> _Exercise instructions_: Print only the lines below from the one with "Bachmann F9 Diesel Engine" to the one with "IzzyIslander's tweet photo.", both included, exactly as they stand. Leave pictures out.

> _Data for this exercise_:
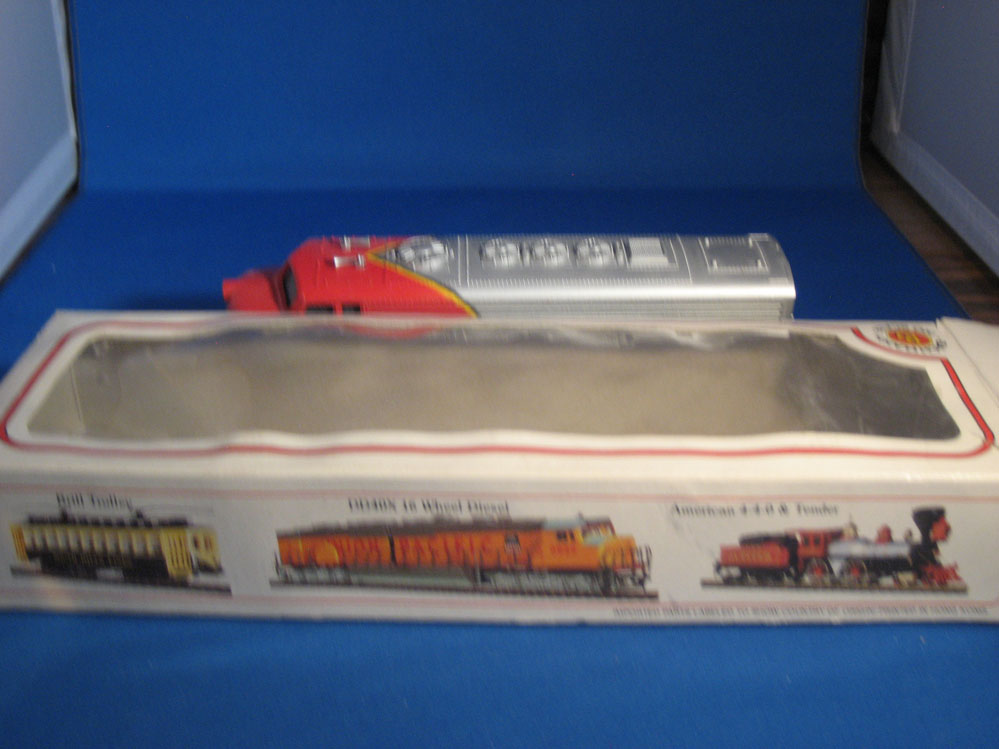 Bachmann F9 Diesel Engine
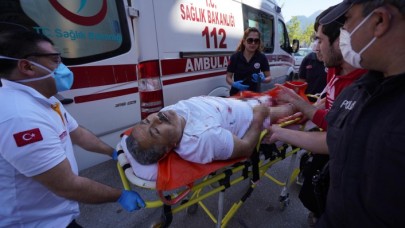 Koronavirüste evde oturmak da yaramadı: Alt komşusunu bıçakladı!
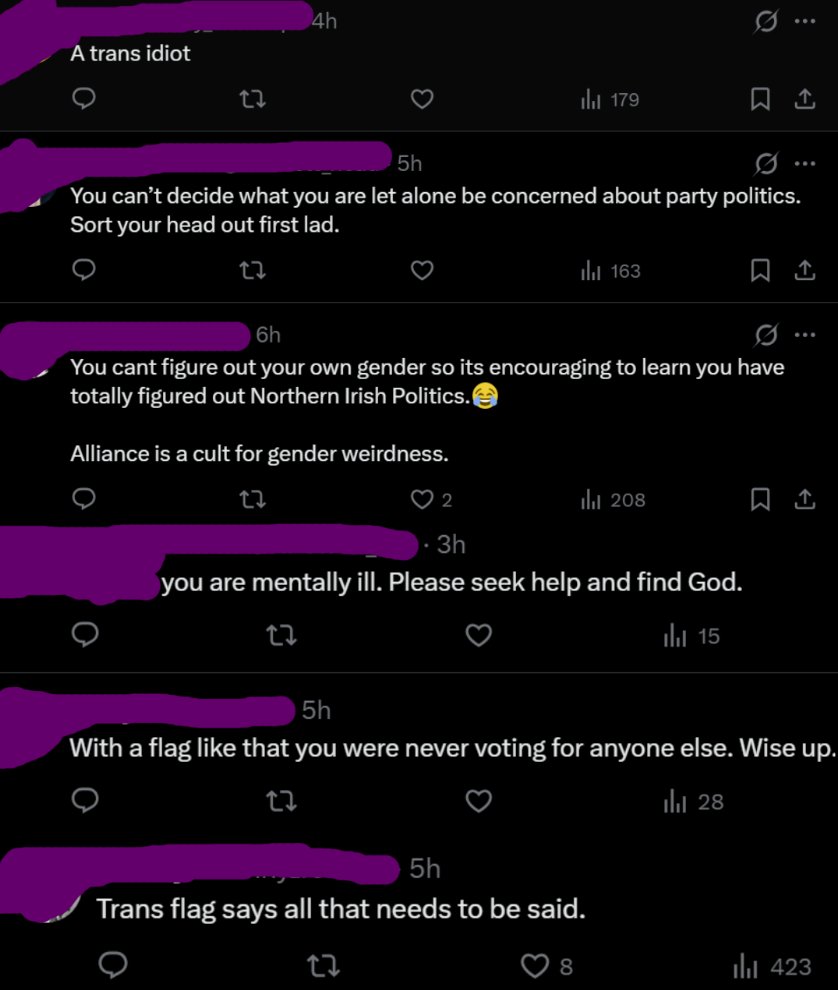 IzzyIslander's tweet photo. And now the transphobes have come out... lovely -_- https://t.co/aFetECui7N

...

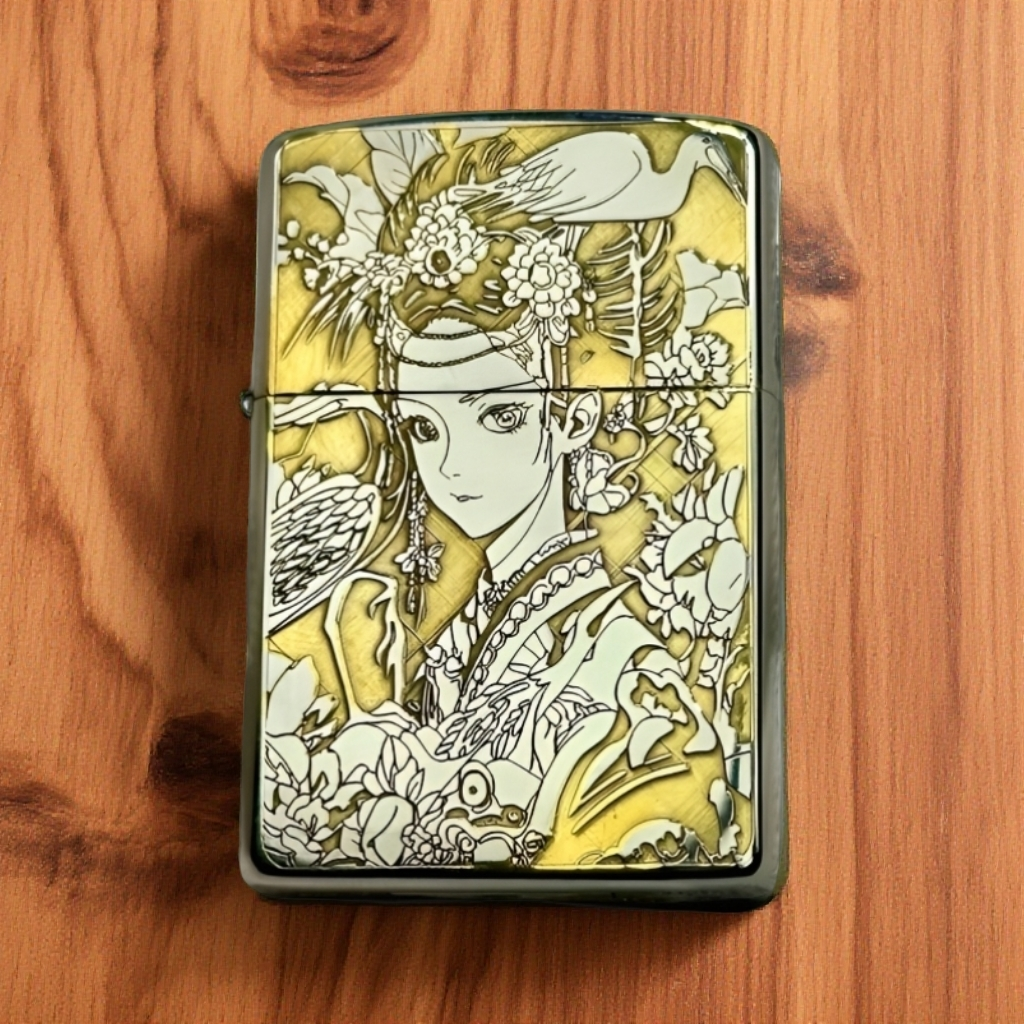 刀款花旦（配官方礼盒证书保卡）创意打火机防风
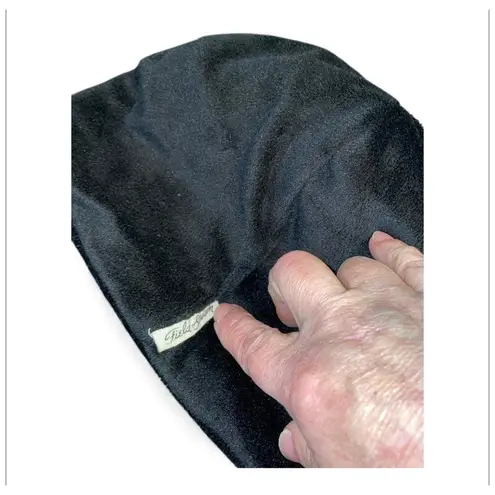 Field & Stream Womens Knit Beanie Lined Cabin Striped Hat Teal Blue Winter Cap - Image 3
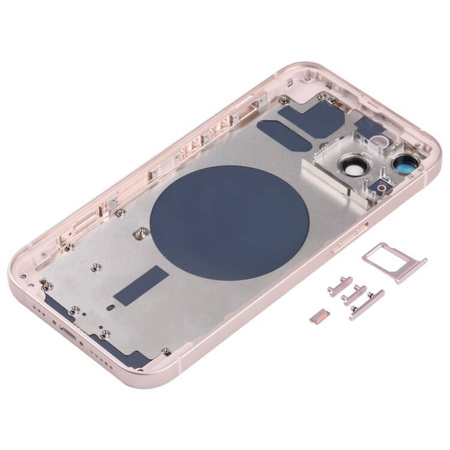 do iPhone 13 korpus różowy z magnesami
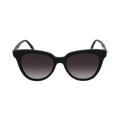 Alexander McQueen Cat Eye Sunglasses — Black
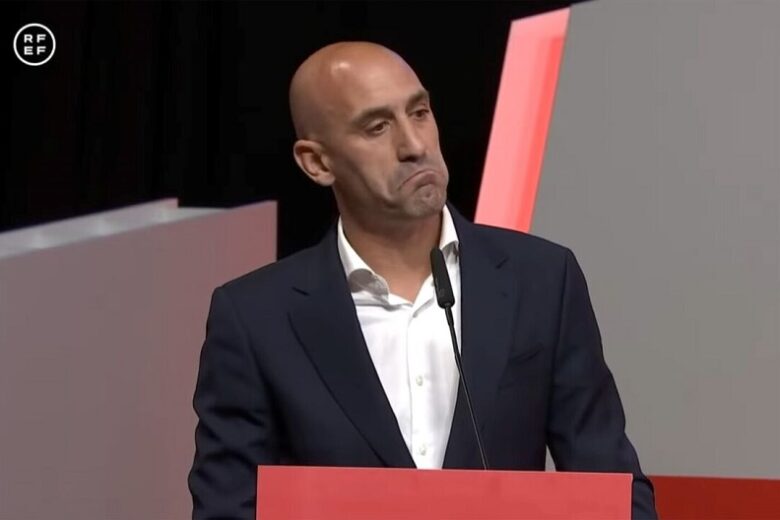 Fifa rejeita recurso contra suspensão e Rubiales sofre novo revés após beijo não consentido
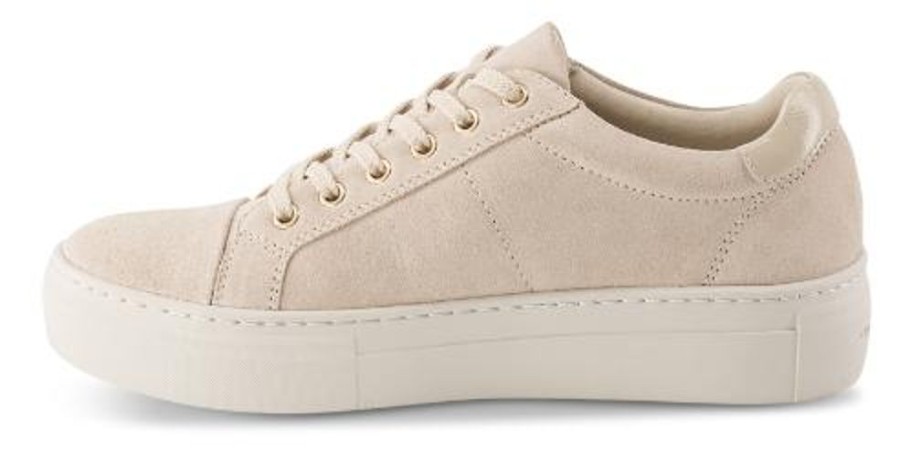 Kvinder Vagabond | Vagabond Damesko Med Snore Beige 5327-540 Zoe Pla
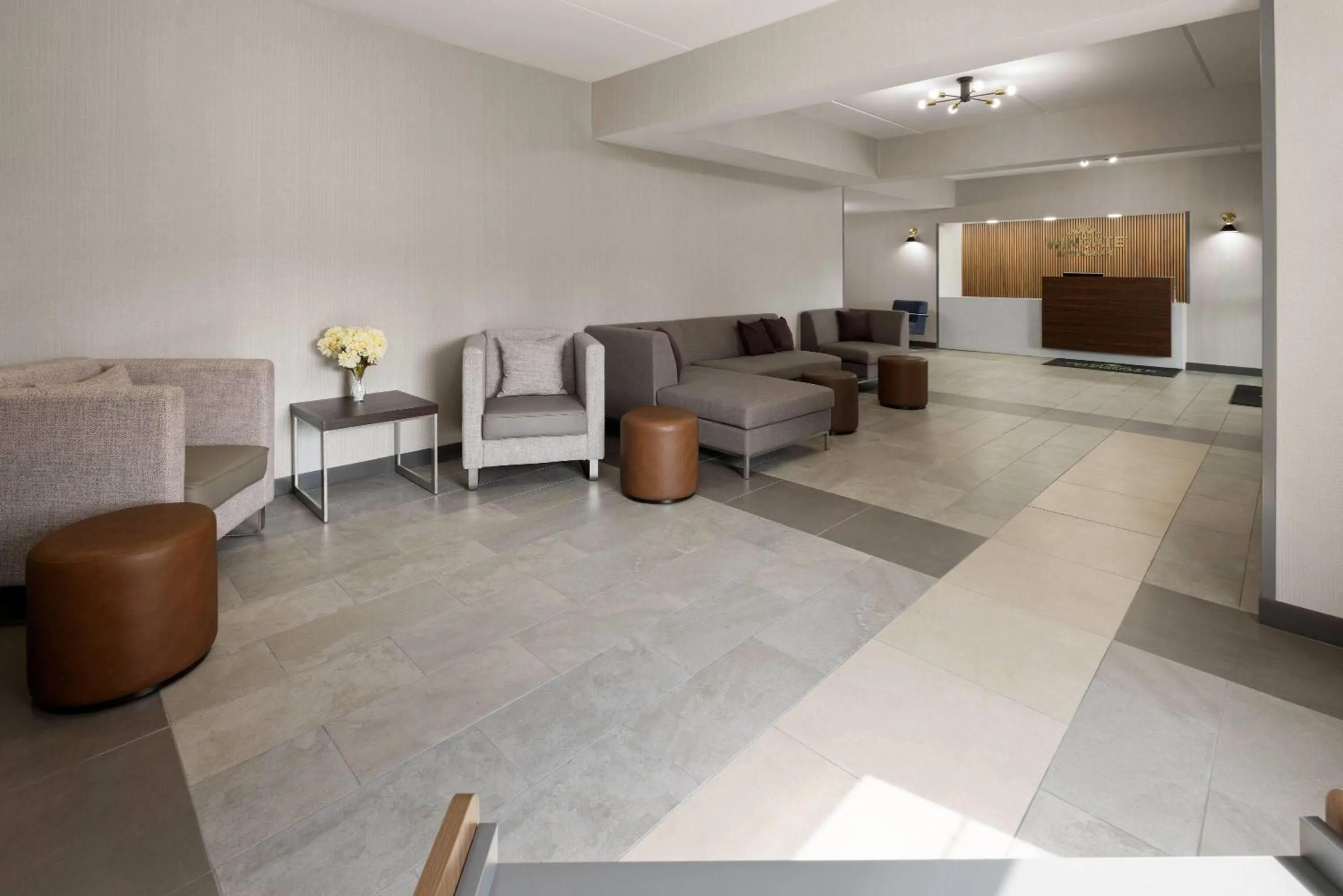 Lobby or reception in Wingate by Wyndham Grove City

> _Response area_:
 Bachmann F9 Diesel Engine
 Koronavirüste evde oturmak da yaramadı: Alt komşusunu bıçakladı!
 IzzyIslander's tweet photo. And now the transphobes have come out... lovely -_- https://t.co/aFetECui7N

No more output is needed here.